2) Sir/Madam, while I strongly believe in the power and independence of the individual, especially when expressing one’s inner artistic (whether self-delusional or not) self, what I don’t want to see when I’m about to order a coffee or coffee accessory is nose and/or lip rings. I have no problem with rings on fingers, toes, or ears. However, when rings are on parts of the body which irritate said parts of the body such that fluids are flowing or such that speech is slurred (which is doubly irritating when combined with your natural tendency to mumble), I think I’ll be ordering something, anything, that is bottled with a cap sealed tightly by the Son of Odin.

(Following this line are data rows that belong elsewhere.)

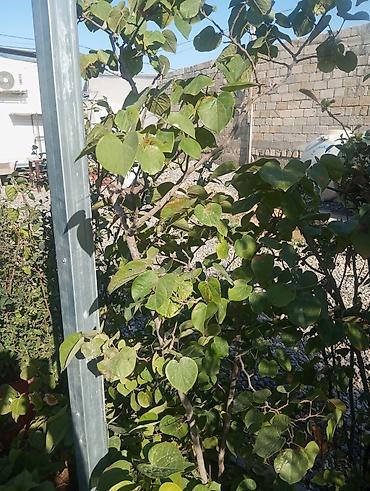 gul toxum satışı: Bağ-bitki uşaq bağçası üçün müxtəlif dekorativ bitkilər və ağaclar — 6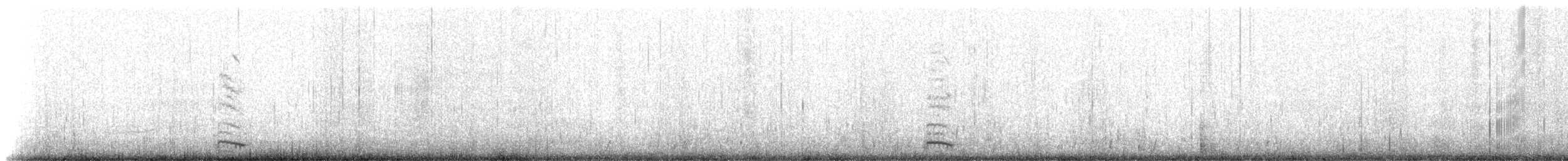 Andean Gull - ML638814588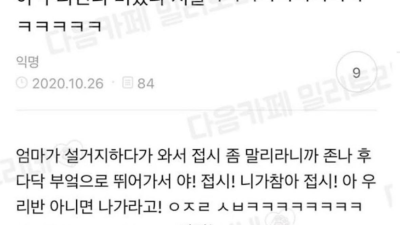 자기 언니가 미쳤다는 디시인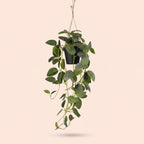 Fittonia - hangplant in pot, groene bladeren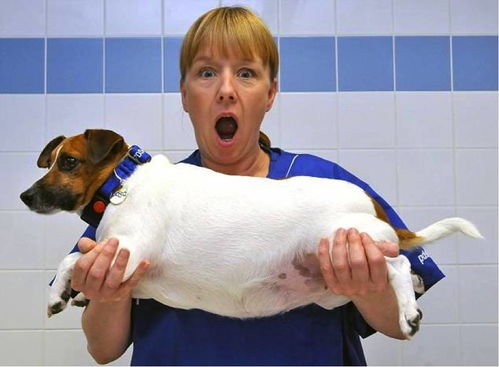 房产狗怎么抽时间健身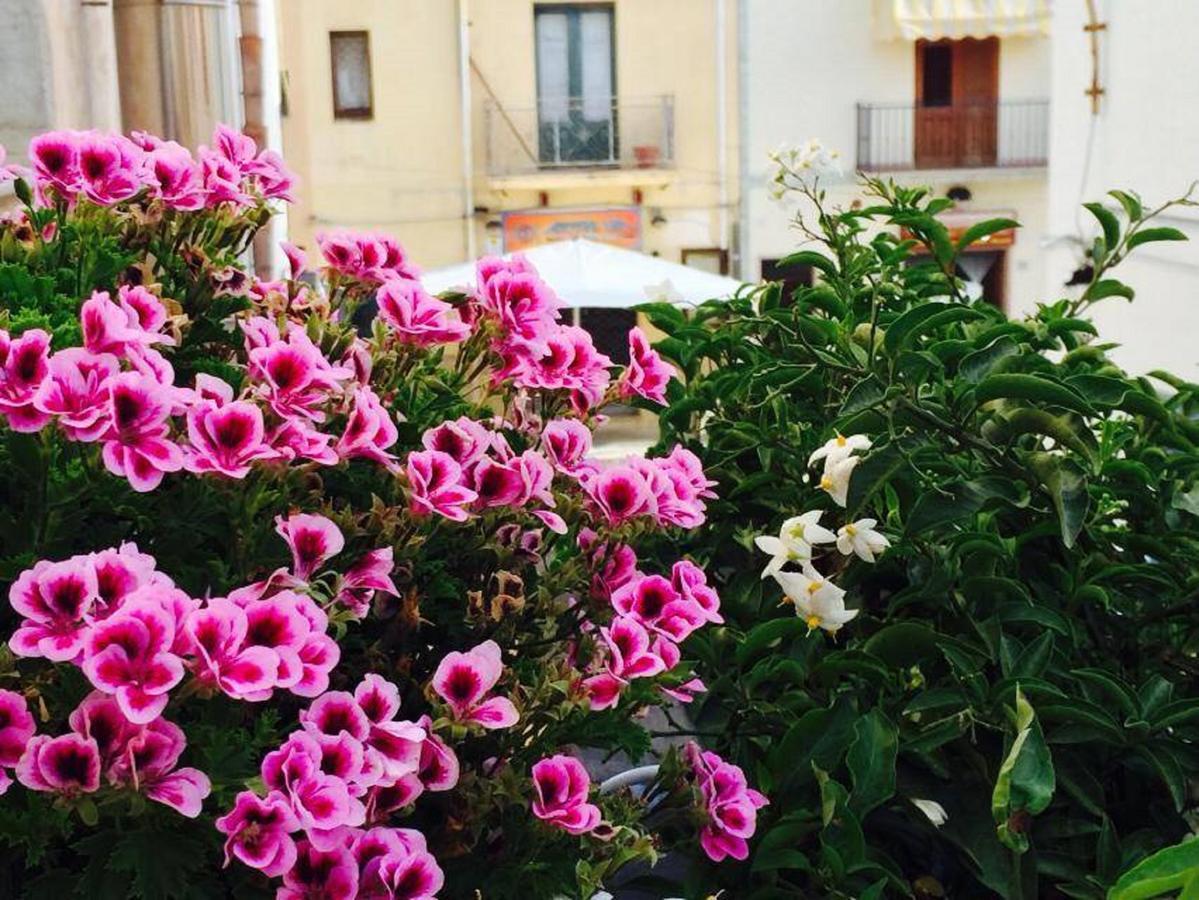 Ai Dammusi Rooms San Vito Lo Capo Zewnętrze zdjęcie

3) Sir/Madam, I will gladly overpay for a cup of hot colored water if your establishment has clean floors, wiped tables, and clean coffee mugs/cups. You’ll get extra points from me if you use mugs/cups from that crafts/pottery store down the block. Shows me you put your money where your mouth is about supporting local trade. If you’re shilling your own muggery, deduct some points for squeezing in on that store’s territory. It can be pitch dark or new-dawn light; just don’t irritate me with blinking fluorescent lighting, the bane of a person’s mental health.
4) Lastly, Sir/Madam, we are in the new century. In fact, we’ve been here for 7 years. The century of cutesy names for establishments was the last one. And spelling? I like correct spelling as it has the tendency to eliminate cutesieness.

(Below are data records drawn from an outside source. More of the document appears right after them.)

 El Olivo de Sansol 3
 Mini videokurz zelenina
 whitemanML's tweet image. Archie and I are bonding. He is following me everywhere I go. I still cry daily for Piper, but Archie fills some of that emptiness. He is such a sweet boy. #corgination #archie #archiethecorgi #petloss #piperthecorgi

5) Sorry, one more thing. Stuffed animals. Coffee shops should never have stuffed animals. Coffee is (still) a socially accepted adult beverage; keep the stuffed animals in your van/SVU/station wagon. Thank You.
And yes, the ideal name for the caffeine venue I’d love to go to would be The Curmudgeonly Cup.

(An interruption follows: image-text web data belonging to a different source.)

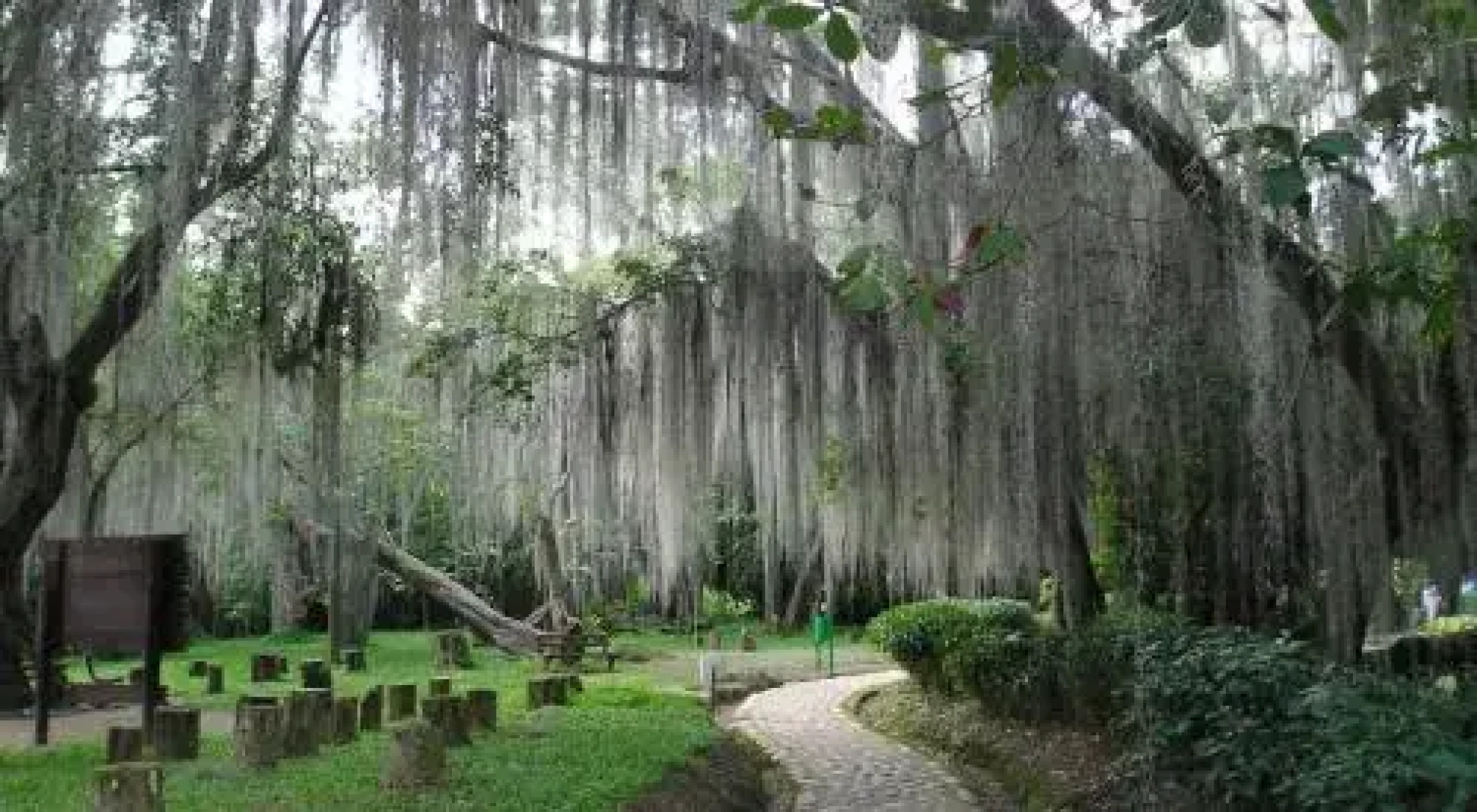 Hotel Riposo San Gil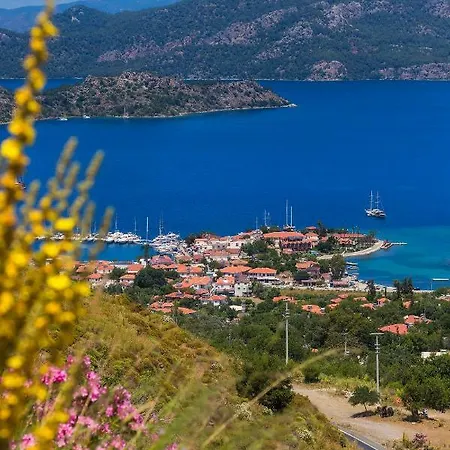 Oda ve Kahvaltı Harmanyeri Tatilevi *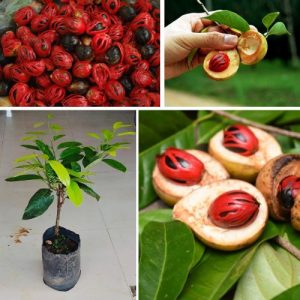 Nutmeg Live Plant Myristica fragrans – Exotic Spice Tree with Culinary & Health Benefits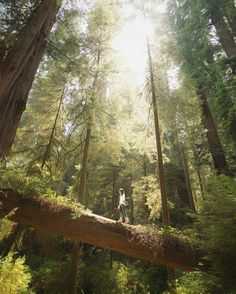 a man standing on top of a fallen tree in a forest filled with tall trees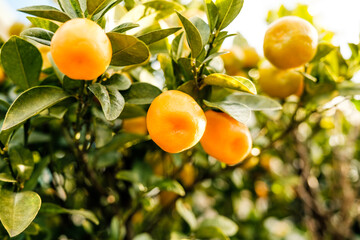 Japan's many fruitful citrus trees.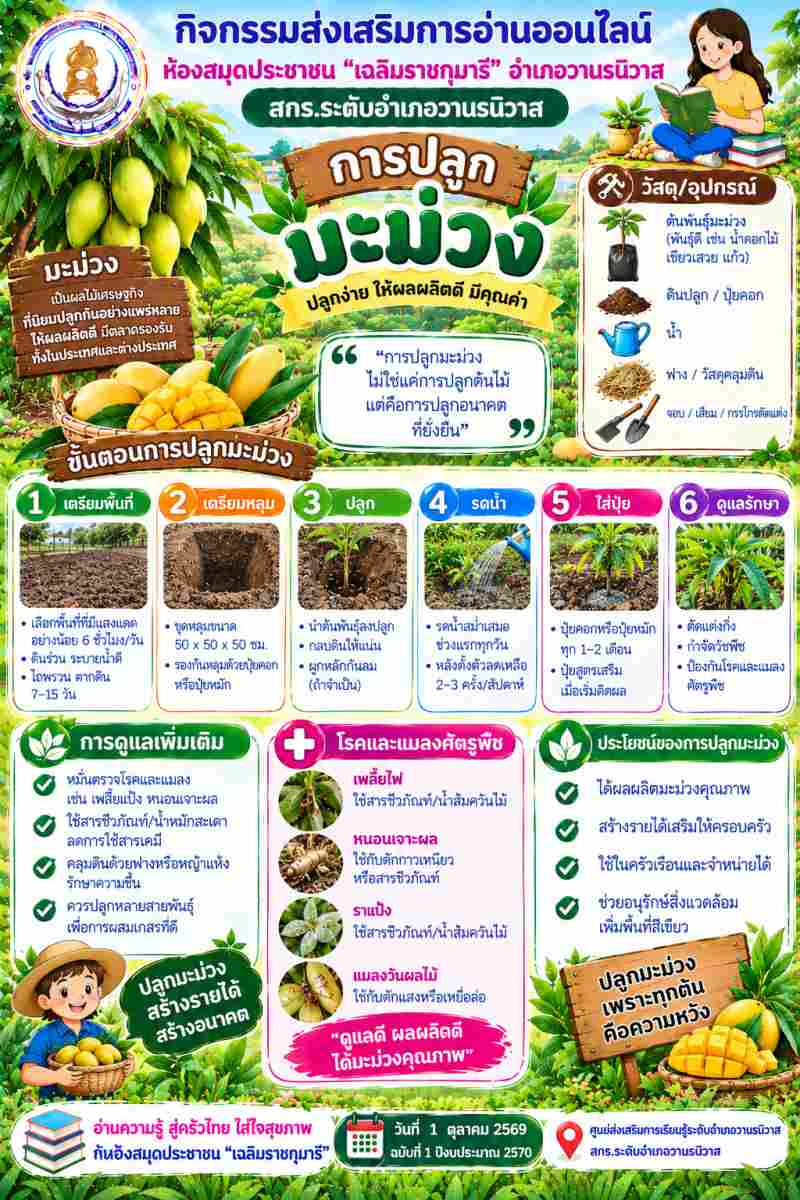 การปลูกมะม่วง🥭🥭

Now, stop yapping and get me that cup of Joe.
September 28, 2007 at 8:51 am
jvjannotti
I like the name, D. If you should start such a venture, I’d like to be your partner.
September 28, 2007 at 10:07 am
DarkoV
Jim,
I was so overwhelmed by my own blather in that comment that, upon re-reading it, I am truly appalled with the mis-spellings and missing words. My apologies.
Let me also correct the possible name of that clammy dishrag of a place that you are more than welcome to partner up with me, as you would certainly be the welcoming host at the establishment thus negating my…uhhmmm..negativity. Negating a negativity still results in a positive these days, right?
Anyway, the name should really be The Curmudgeonry Cup, as that word structure emphasizes the attitude more than the coffee. You can get a cup of coffee anywhere these days. But a well-tempered curmudgeonry? Hmm, that takes a lot of time and bitter honing. And we’d want our attitudes to be bitter, not our coffee.
September 28, 2007 at 10:56 am
jvjannotti
Sort of like those places that mistreat their customers as part of the gimmick? I decided long ago that I could never go into one of those places.
Unless I was working there. Then it would be easy.
(By the way DV, I edited the name attached to your last comment, I’m not sure if you wanted to run it with the ID you gave or not).
September 28, 2007 at 11:29 am
DarkoV
Jim,
Appreciate your discretion. I noticed when I posted that my identity was out there like the clothes-less Emperor.
September 28, 2007 at 1:04 pm
gwynne
Heh, the Clothes-less Curmudgeon. Do let me know when you guys open up your establishment. I’ll be sure to run the other way.
September 28, 2007 at 2:27 pm
jvjannotti
Gwynne,
That name doesn’t sound like it belongs on a coffeehouse. Another type of ‘house’ maybe.
September 29, 2007 at 3:02 pm
Stephen
I think that you just opened up a can of worms…well, gummi worms. It would appear that posts for or against Starbucks seem to elicit a good deal of response.
September 29, 2007 at 3:15 pm
jvjannotti
It appears that you are right. This post wasn’t comment bait though. It was inspired by a conversation I had with a coffee shop owner. I suggested the training hypothesis, she thought I had a point, and a post was born.
October 1, 2007 at 5:42 pm
Stephen
Ah, yes. Well, it was still a good idea, even an accidental one.